Pour les salariés, il y deux sortes de sanctions patronales consécutives à cette crise qui prolonge, il faut l’écrire les réformes de ce gouvernement qui, bien avant le crash boursier de Leman Brothers, mettaient la France sur les genoux, la croissance devenant de plus en plus réduite par la faiblesse de la consommation.
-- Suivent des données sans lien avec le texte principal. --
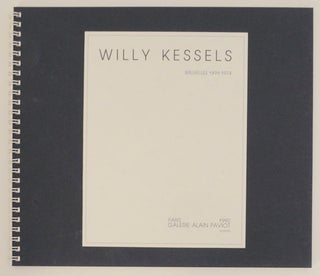 Item #170941 Willy Kessels Bruxelles 1898-1974. Willy KESSELS, Francoise Leplus, Alain Paviot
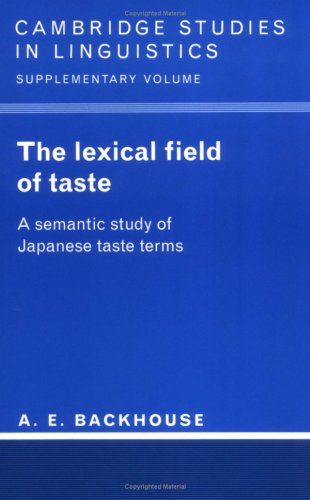 The Lexical Field of Taste: A Semantic Study of Japanese Taste Terms (Cambridge Studies in Linguistics)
Alors, nous assistions à deux formes d’actions patronales la mise en chômage technique de 16 à 37 jours pour le groupe PSA, principalement, dans l’industrie automobile porteuse de nombreux emplois pour ses salariés, et pour ses sous traitants, jusqu’à la fin des fêtes de fin d’année, et puis les autres, ceux que l’on jette au chômage, qui ne reverront plus leur emploi, pour eux c’est fini. La crise permet donc toutes les actions, c’est l’argument massue qui laisse les salariés sans véritable action et l’on ne voit pas comment pourraient-ils s’en échapper.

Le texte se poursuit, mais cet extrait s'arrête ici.